=== ACTIVITY ===
Retype the data that follows exactly. No pictures belong in the copy.

==================================================

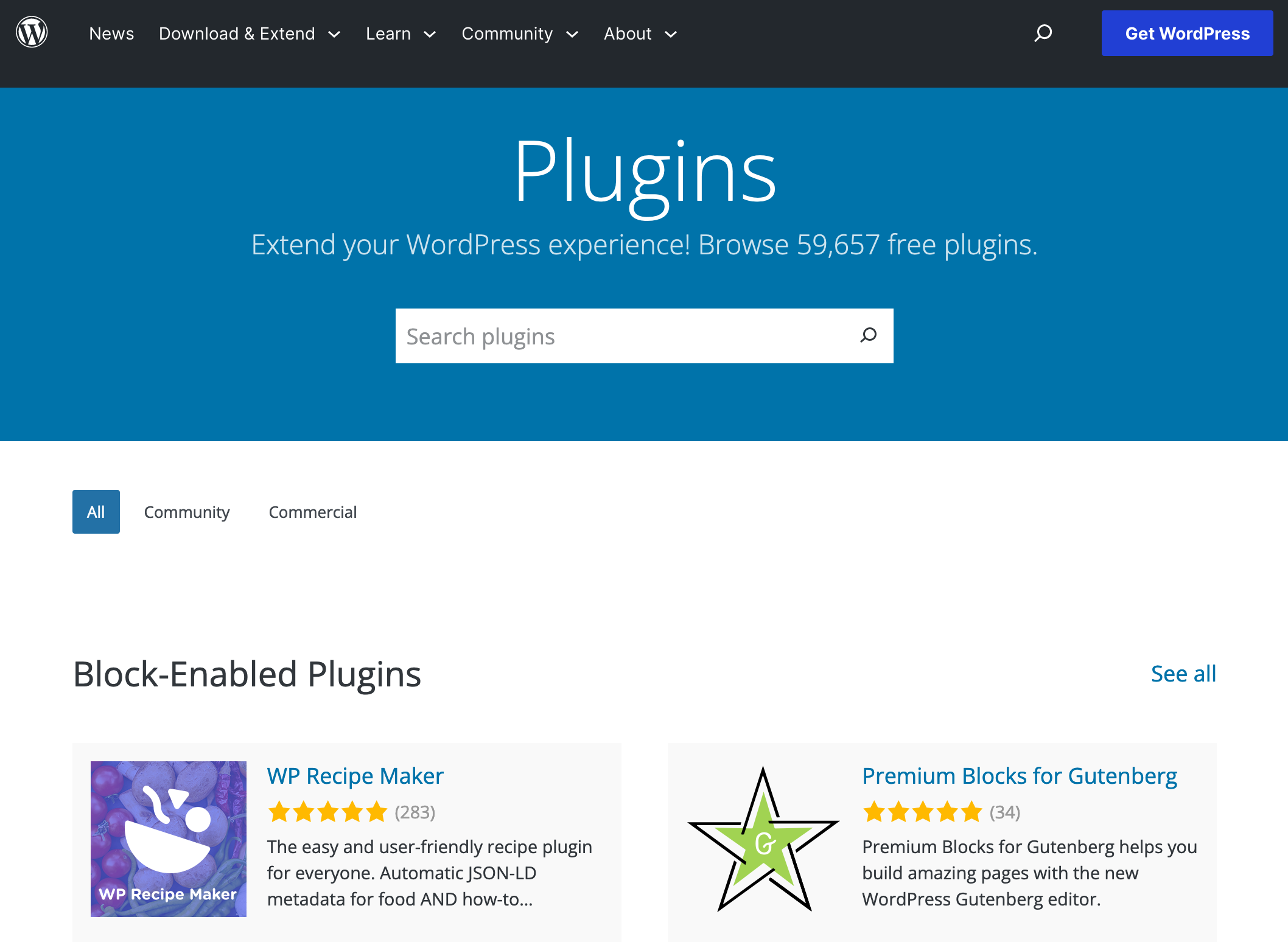 The official WordPress plugin directory.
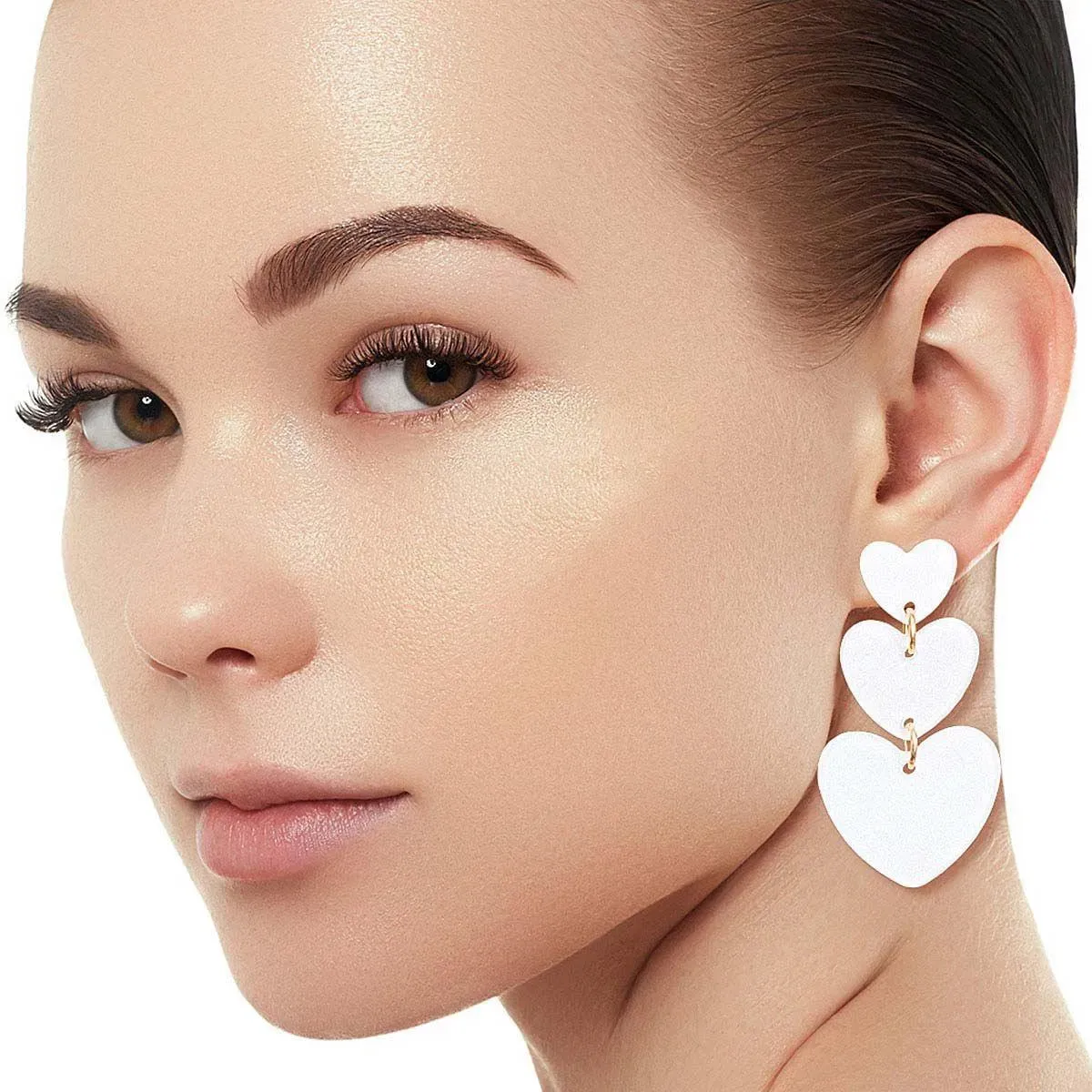 Love White Hearts Drop Earrings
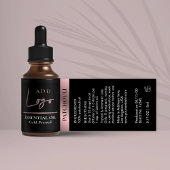 Étiquette Logo Black & Rose Gold Logo Essential Oil Petite b
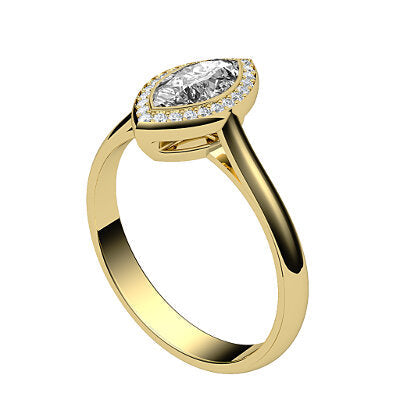 Vittoria Marquise Solitaire halo Classic band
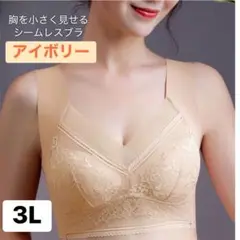 着痩せ＆美バスト シームレス 楽ブラ ノンワイヤーアイボリー 3L ブラトップ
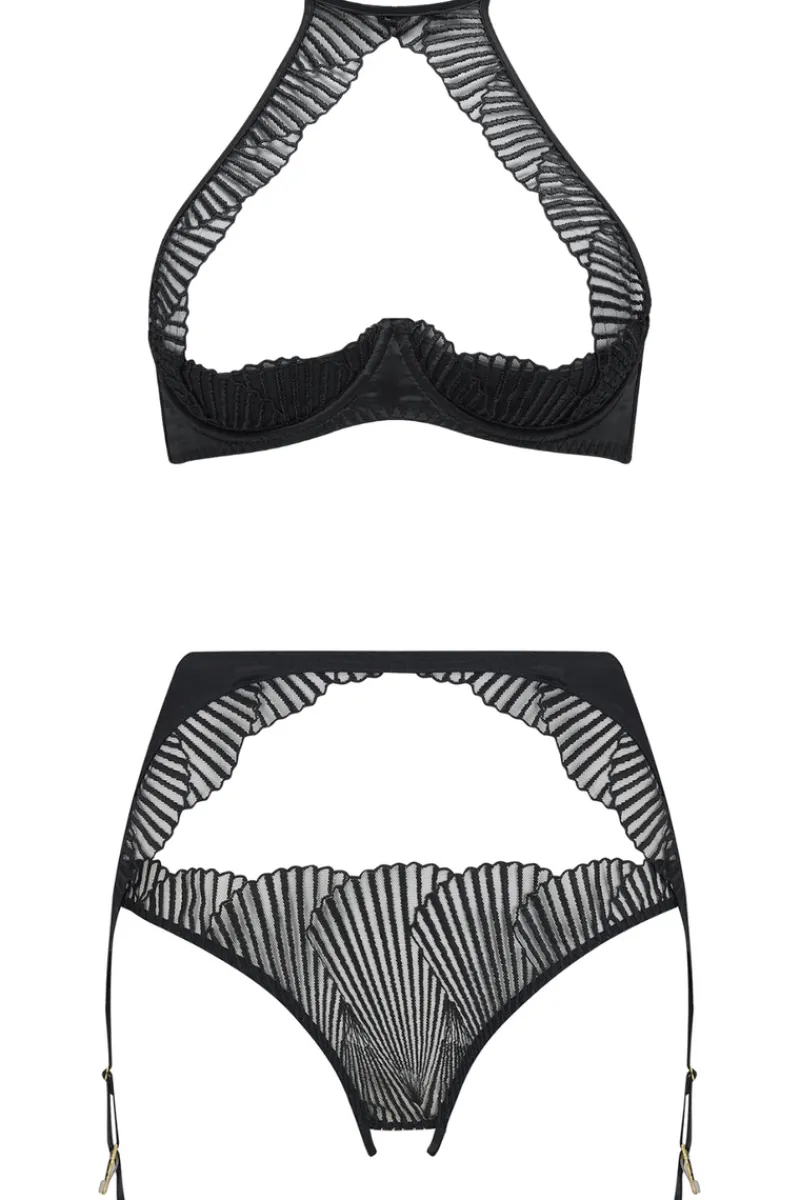 2 Piece Lingerie Sets>Coco de Mer Athena Quarter Cup Bra & Open Suspender Knicker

==================================================

=== RESULT OF THE EXERCISE ===
 The official WordPress plugin directory.
 Love White Hearts Drop Earrings
 Étiquette Logo Black & Rose Gold Logo Essential Oil Petite b
 Vittoria Marquise Solitaire halo Classic band
 着痩せ＆美バスト シームレス 楽ブラ ノンワイヤーアイボリー 3L ブラトップ
 2 Piece Lingerie Sets>Coco de Mer Athena Quarter Cup Bra & Open Suspender Knicker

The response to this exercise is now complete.